Exactly as shown below, retype every line of the data.
** Opening Excerpted data block **
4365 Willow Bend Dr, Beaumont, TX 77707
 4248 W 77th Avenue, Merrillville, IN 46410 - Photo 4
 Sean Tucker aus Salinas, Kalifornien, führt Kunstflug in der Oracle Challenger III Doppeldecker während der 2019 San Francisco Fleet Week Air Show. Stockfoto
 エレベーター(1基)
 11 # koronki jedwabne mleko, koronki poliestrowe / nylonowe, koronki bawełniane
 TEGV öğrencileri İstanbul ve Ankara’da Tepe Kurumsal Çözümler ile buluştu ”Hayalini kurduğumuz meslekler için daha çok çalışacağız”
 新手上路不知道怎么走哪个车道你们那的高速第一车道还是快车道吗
** Closing Excerpted data block **
→ **Solution for this problem**
4365 Willow Bend Dr, Beaumont, TX 77707
 4248 W 77th Avenue, Merrillville, IN 46410 - Photo 4
 Sean Tucker aus Salinas, Kalifornien, führt Kunstflug in der Oracle Challenger III Doppeldecker während der 2019 San Francisco Fleet Week Air Show. Stockfoto
 エレベーター(1基)
 11 # koronki jedwabne mleko, koronki poliestrowe / nylonowe, koronki bawełniane
 TEGV öğrencileri İstanbul ve Ankara’da Tepe Kurumsal Çözümler ile buluştu ”Hayalini kurduğumuz meslekler için daha çok çalışacağız”
 新手上路不知道怎么走哪个车道你们那的高速第一车道还是快车道吗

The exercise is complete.